Selecting and grouping entities

Section author: Marcin Cieslik

The feature, which distinguishes PyCogent’s approach to the handling of macromolecular structures is the flexible and concise way of selecting, grouping and retrieving data from entities. The concepts of entity and hierarchy are similar.

Overview of methods and functions covered.

The methods covered in this section of the manual deal with selecting entities for purposes like: “select all hydrogen atoms from chain B”, “mask all hetero atoms”, “remove all water molecules” etc. We start with the high-level functions first, which are concise and standard to low-level methods for fine grained manipulations

Selection based on hierarchy.

Let’s start by accessing a PDB file and creating a structure entity. We establish a connection to the PDB file server download a file and parse it.

>>> from cogent.parse.pdb import PDBParser
>>> from cogent.db.pdb import Pdb
>>> pdb = Pdb()
>>> socket_handle = pdb['2E1F']
>>> structure = PDBParser(socket_handle)

Let’s see what we got

>>> print structure.header['name']
>>> print structure.header['experiment_type']

WOW, thats descriptive. At least we know it is an X-Ray structure. Now how many chains does it have?

>>> structure[(0,)].getChildren()
[<Chain id=A>]

We found the ‘A’ chain of the first (0-based indexing) model. We can dig deeper

>>> structure[(0,)][('A',)].sortedkeys()[0:2]
[(('H_HOH', 1, ' '),), (('H_HOH', 2, ' '),)]

Only waters? Probably not. You can see what is inside a chain by looking inside the dictionary to get the list of short ids and child entities:

>>> chain_A = structure[(0,)][('A',)]
>>> # chain_A.keys() # get the short_ids
>>> # chain_A.values() # get the children
>>> len(chain_A)

This number is too high because we counted water molecules not only amino acids. But typing structure[(0,)][('A',)] is pretty boring and it requires to inspect the number of models and chain ids first. The function which allows to select entities from the hierarchy based on their identity is called einput

>>> from cogent.struct.selection import einput
>>> all_residues = einput(structure, 'R', 'my_residues')
>>> all_atoms = einput(structure, 'A')
>>> len(all_residues)

Still waters are included.

Selection based on properties.

We already have a collection of entities all_residues which contains all residues in the structure regardless of the number of chains and models. Our task is to determine the number of non-water residues. The property which allows us to distinguish a water molecule from an amino acid is the name, which is stored as the name attribute.

>>> first_child = chain_A.sortedvalues()[0]

We could write a loop to select those residues we can either loop over the residues in chain_A or all_residues as they are the same:

>>> non_water = []
>>> for residue in chain_A:
...     if != 'H_HOH':
...          non_water.append(residue)
>>> len(non_water)

To make this more convenient each entity e.g. a Chain instance has a method to select children based on a property selectChildren. The equivalent of the above expression is:

>>> non_water = chain_A.selectChildren('H_HOH', 'ne', 'name').values()


>>> non_water = all_residues.selectChildren('H_HOH', 'ne', 'name').values()
>>> len(non_water)

The first argument is a value, the second an operator name from the operator module, here ‘ne’ is for ‘Not Equal’. The last argument ‘name’ is resolved by the data_children method which allows the user to retrieve data from a child entities attributes, xtra dictionary or methods. Here we get the data from the ‘name’ attribute. The selectChildren method returns a dictionary, where keys are the short ids and values are the child entities. The result can be put into a new entity holder.

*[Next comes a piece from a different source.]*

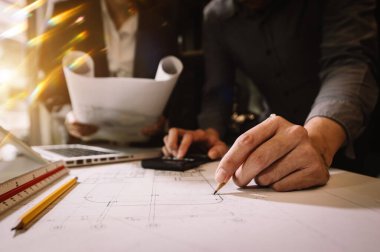 Ofis masasında çalışan mimarlar. Masada kağıt inşa planıyla birlikte çalışıyorlar. 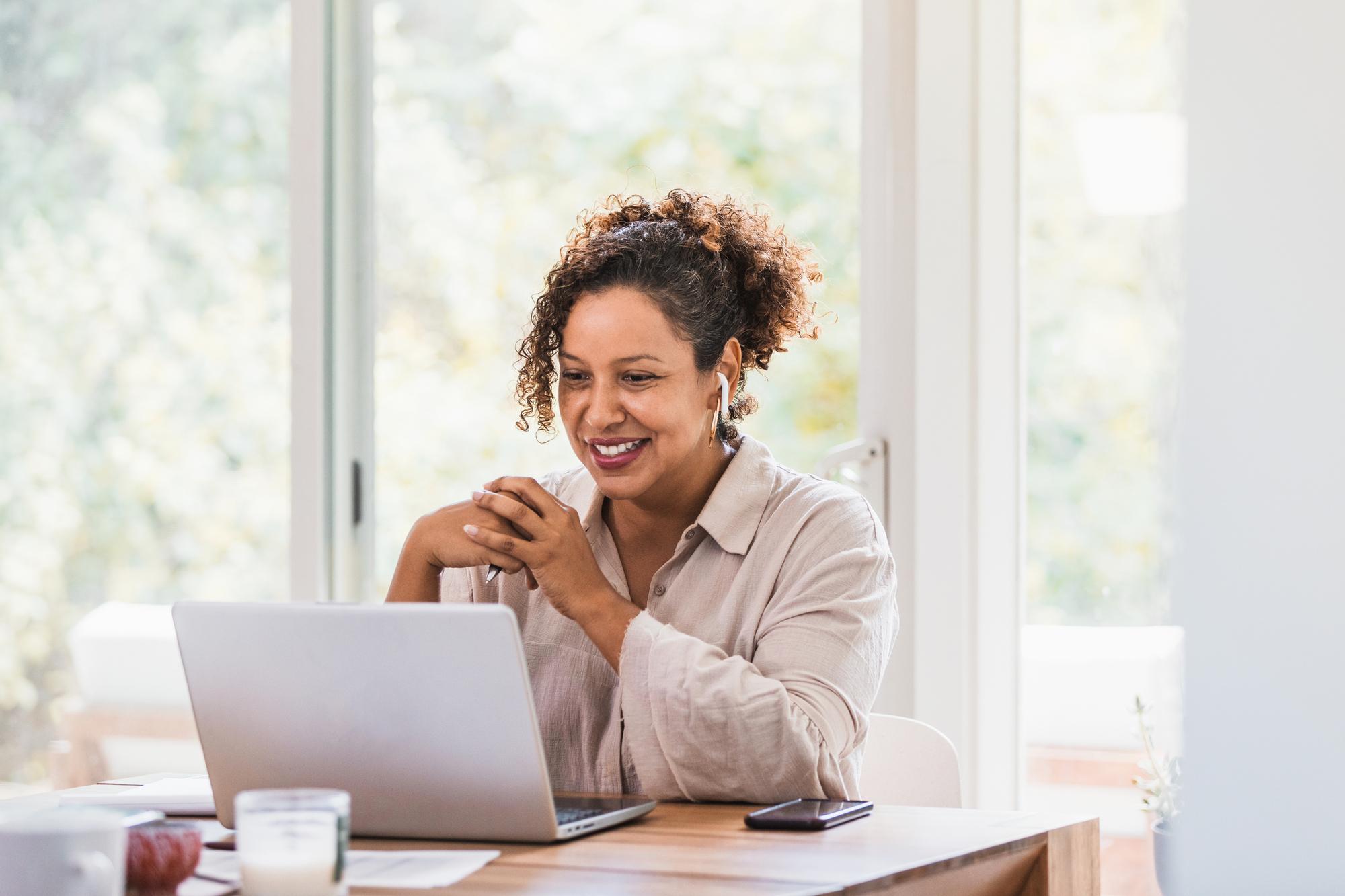 women wearing earbuds on a video conference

>>> non_water_holder = einput(non_water, 'R')

But having to first group the entities via einput then select them only to put them into a new container seems awkward. It can be done in one step using the select function.

>>> from cogent.struct.selection import select
>>> non_water_holder = select(structure, 'R', 'H_HOH', 'ne', 'name')
>>> len(non_water_holder)

Is there a serine(s) in the sequence?

>>> serines = select(structure, 'R', 'SER', 'eq', 'name')
>>> serines.sortedkeys()[0]
('2E1F', 0, 'A', ('SER', 1146, ' '))

The function raises a ValueError if no entities can be selected.